## WORK ORDER
When you reach the line that contains "Used 2024 Nissan", begin copying exactly and continue through the last line below. Do not copy pictures.

## INFORMATION SHOWN
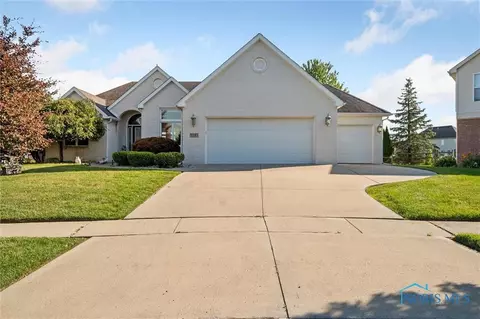 9345 Saner Ct, Sylvania, OH 43560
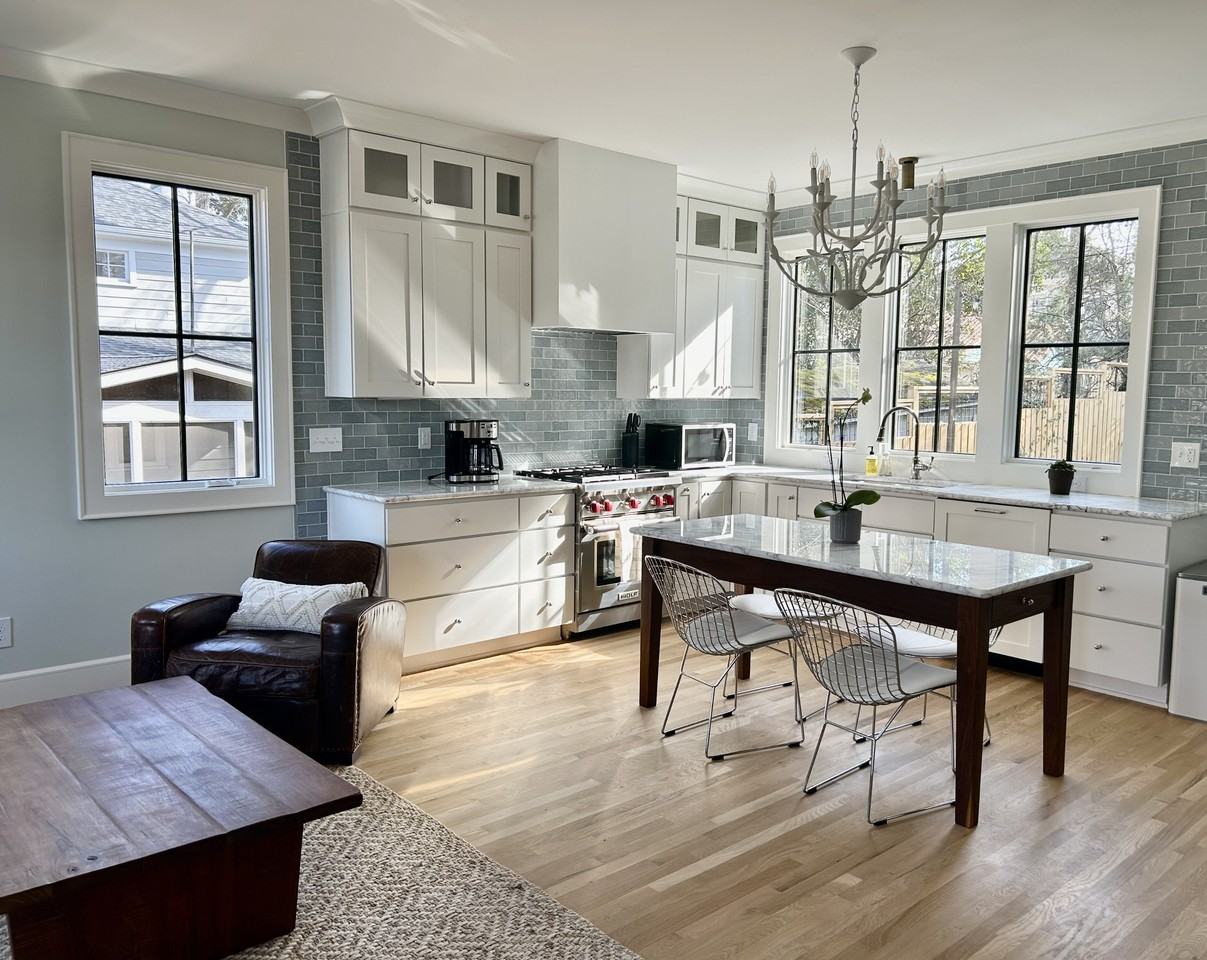 1709 F St #1 - Photo 5 of 26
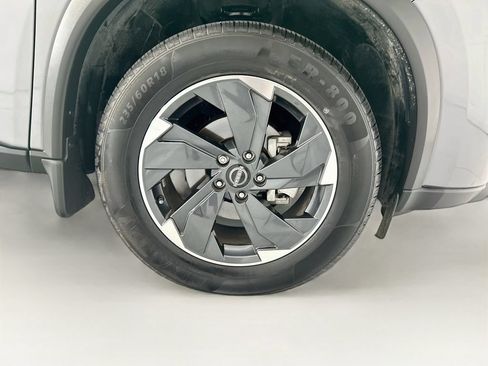 Used 2024 Nissan Rogue SV w/ SV Premium Package FWD image 30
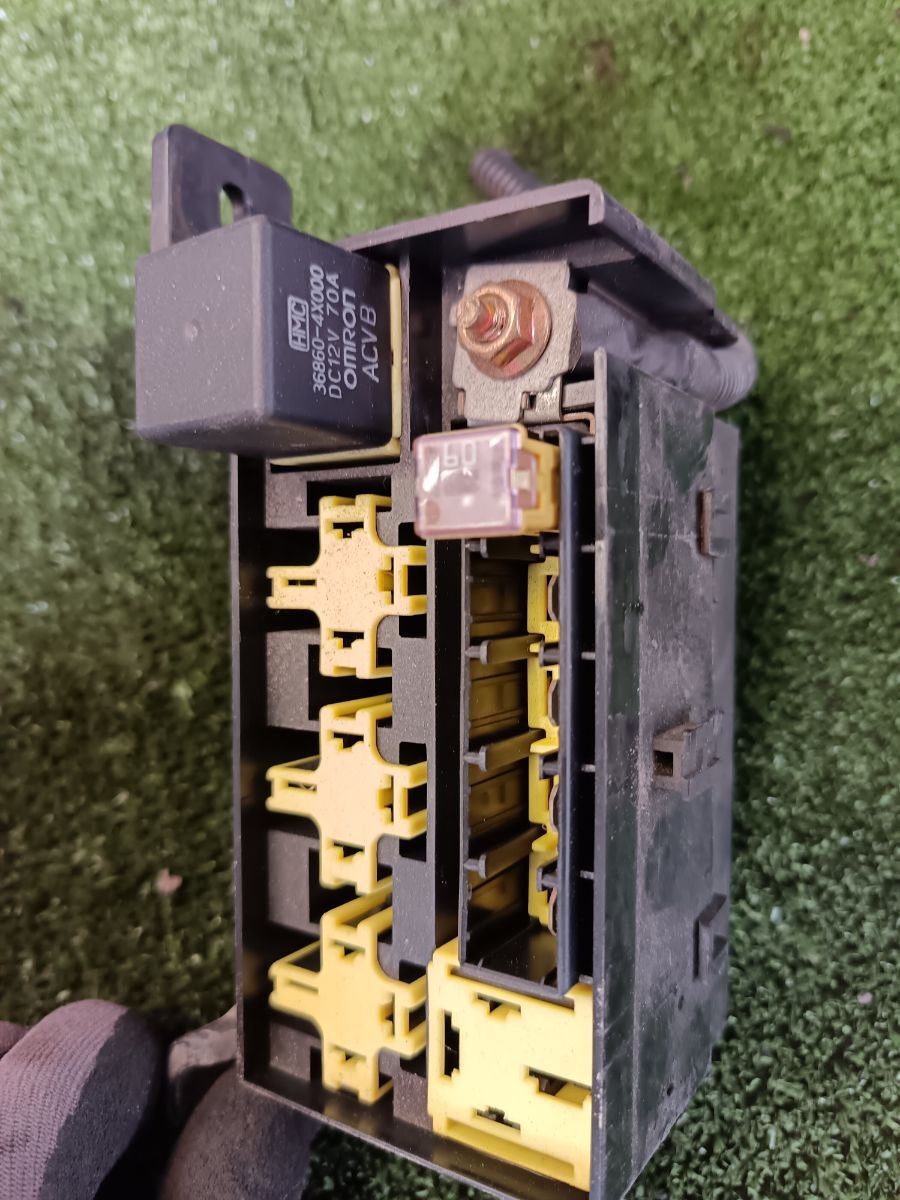 Блок запобіжників Kia Sorento JC (2002-2009) 0K53A67BX1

## OUTPUT BELOW
 Used 2024 Nissan Rogue SV w/ SV Premium Package FWD image 30
 Блок запобіжників Kia Sorento JC (2002-2009) 0K53A67BX1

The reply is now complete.